The vehicle-body-side mount bracket 31 comprises, as shown in FIG. 9A, front-and-rear leg portions 31a, 31b, a frame-shaped portion 31c which is integrally formed at upper portions of the front-and-rear leg portions 31a, 31b, attaching seats 31d, 31e which extend in the longitudinal direction from lower ends of the front-and-rear leg portions 31a, 31b, and attaching holes 31f, 31g for the bolts 22 which are formed at the attaching seats 31d, 31e.

The engine-side mount bracket 30 includes an inner tube 30a which is positioned inside the frame-shaped portion 31c, a mount rubber 32 is provided at an inner periphery of an upper side of the inner tube 30a, and the above-described mount rubber 33 is provided at an outer peripheral portion and a lower portion of the inner tube 30a.

Herein, a longitudinal distance L6 between respective axial center portions of the front-and-rear attaching holes 31f, 31g is set to be the same as (equal to) a longitudinal center L6 between respective axial center portions of the nut members 17, 18 shown in FIGS. 3 and 4, and a distance between the axial center portion of the front-side attaching hole 31f and a center portion, in the longitudinal direction, of the mount rubbers 32, 33 is set as L4. Further, the longitudinal distance L6 between the front-and-rear attaching points of the vehicle-body-side mount bracket 31 is set to be longer than the longitudinal length of the mount rubber 33.

As shown in FIGS. 2, 8 and 9B, the engine-side mount support portion C for the powertrain 16 comprises an engine-side mount bracket 34, a vehicle-body-side mount bracket 35, and mount rubbers 36, 37.

The vehicle-body-side mount bracket 35 comprises, as shown in FIG. 9B, front-and-rear leg portions 35a, 35b, a frame-shaped portion 35c which is interlay formed at upper portions of the front-and-rear leg portions 35a, 35b, attaching seats 35d, 35e which extend in the longitudinal direction from lower ends of the front-and-rear leg portions 35a, 35b, and attaching holes 35f, 35g for the bolts 22 which are formed at the attaching seats 35d, 35e.

The engine-side mount bracket 34 includes an inner tube 34a which is positioned inside the frame-shaped portion 35c, a mount rubber 36 is provided at an inner periphery of an upper side of the inner tube 34a, and the above-described mount rubber 37 is provided at an outer peripheral portion and a lower portion of the inner tube 34a.
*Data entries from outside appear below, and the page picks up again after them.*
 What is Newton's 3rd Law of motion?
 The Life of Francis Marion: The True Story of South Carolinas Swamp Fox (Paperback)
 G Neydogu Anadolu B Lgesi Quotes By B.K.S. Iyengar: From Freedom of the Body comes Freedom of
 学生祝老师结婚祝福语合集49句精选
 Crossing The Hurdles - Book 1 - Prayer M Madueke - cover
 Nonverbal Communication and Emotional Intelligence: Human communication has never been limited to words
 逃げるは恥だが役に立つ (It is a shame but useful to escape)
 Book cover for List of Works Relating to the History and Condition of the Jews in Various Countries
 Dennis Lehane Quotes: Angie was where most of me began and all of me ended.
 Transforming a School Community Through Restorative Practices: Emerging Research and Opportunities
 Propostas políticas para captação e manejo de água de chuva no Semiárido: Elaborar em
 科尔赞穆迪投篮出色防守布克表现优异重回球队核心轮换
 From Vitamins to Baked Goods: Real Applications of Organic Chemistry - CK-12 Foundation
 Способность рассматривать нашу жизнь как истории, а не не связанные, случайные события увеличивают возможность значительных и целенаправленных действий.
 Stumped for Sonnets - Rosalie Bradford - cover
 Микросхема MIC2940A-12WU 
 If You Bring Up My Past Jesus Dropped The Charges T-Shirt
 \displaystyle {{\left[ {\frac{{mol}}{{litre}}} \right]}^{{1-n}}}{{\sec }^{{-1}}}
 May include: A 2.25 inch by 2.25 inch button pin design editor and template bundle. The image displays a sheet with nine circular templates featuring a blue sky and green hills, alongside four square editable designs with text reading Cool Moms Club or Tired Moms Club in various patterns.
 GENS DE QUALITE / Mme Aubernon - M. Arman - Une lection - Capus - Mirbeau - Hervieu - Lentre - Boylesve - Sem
Herein, a longitudinal distance L6 between respective axial center portions of the front-and-rear attaching holes 35f, 35g is set to be the same as (equal to) the longitudinal center L6 between the respective axial center portions of the nut members 17, 18 shown in FIGS. 3 and 4, and a distance between the axial center portion of the front-side attaching hole 35f and a center portion, in the longitudinal direction, of the mount rubbers 36, 37 is set as L5. Further, the longitudinal distance L5 shown in FIG. 9B is set to be longer than the longitudinal length L4 shown in FIG. 9A. That is, a relational expression L5>L4 is established.

Further, the longitudinal distance L6 which is the distance of the front-and-rear attaching points is set to be longer than the longitudinal length of the mount rubber 37, and the longitudinal positions of the mount rubbers 32, 33, 36, 37 are configured to be changeable in a range between the longitudinal distance L6, i.e., at a position shown in FIG. 9A and a position shown in FIG. 9B. That is, the mount rubbers 32, 33, 36, 37 which are held by the vehicle-body-side mount brackets 31, 35 are configured such that the longitudinal length thereof is changeable by exchanging the vehicle-body-side mount brackets 31, 35 for each of the powertrains 13, 16.
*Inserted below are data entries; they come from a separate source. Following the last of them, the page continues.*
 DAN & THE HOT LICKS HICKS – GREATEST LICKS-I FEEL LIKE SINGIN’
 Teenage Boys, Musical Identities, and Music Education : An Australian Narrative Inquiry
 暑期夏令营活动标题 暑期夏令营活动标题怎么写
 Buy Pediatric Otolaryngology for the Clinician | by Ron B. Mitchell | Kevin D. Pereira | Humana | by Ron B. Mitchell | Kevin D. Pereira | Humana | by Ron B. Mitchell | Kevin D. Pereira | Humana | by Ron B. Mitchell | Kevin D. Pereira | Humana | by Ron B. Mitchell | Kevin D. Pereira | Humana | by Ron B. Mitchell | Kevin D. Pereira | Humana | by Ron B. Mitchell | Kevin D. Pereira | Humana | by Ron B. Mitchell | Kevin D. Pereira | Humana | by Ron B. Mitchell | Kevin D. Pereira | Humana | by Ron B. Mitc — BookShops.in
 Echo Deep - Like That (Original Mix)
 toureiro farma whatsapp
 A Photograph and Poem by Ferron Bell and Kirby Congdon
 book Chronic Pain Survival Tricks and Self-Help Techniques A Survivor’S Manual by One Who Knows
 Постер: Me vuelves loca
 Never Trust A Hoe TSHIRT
The vehicle-body-side mount brackets 31, 35 shown in FIGS. 9A and 9B are respectively fixed to an upper face portion of the front side frame inner 4 by using a pair of front-and-rear bolts 22 and nuts 17, 18.

As shown in FIG. 3, each of the front side frames 2 is configured to break at a frame breaking point X1 in a vehicle frontal collision, and the frame breaking point X1 of the engine-side front side frame shown in the same figure is positioned between the nut members 17, 18 as the front-and-rear attaching points of the mount support portions A, C (the vehicle-body-side mount brackets 31, 35).

Specifically, as shown in FIG. 3, the gusset 21 as the reinforcing member is provided within a range of the longitudinal distance L6 which is the distance between the front-and-rear attaching points of the vehicle-body-side mount brackets 31, 35 inside the front side frame 2. Within this rage of the longitudinal distance L6 of the engine-side front side frame 2 is provided a non-reinforcing-member arrangement portion a where no reinforcing member is arranged between a rear end of the retainer 19 and a front end of the gusset 21. Herein, this non-reinforcing-member arrangement portion a is set (positioned) at the above-described frame breaking point X1.

FIG. 13 is a perspective view showing the mount support portion A shown in FIG. 7, when viewed from a forward-and-outward side of the vehicle, and FIG. 14 is a sectional view taken along line E-E of FIG. 13.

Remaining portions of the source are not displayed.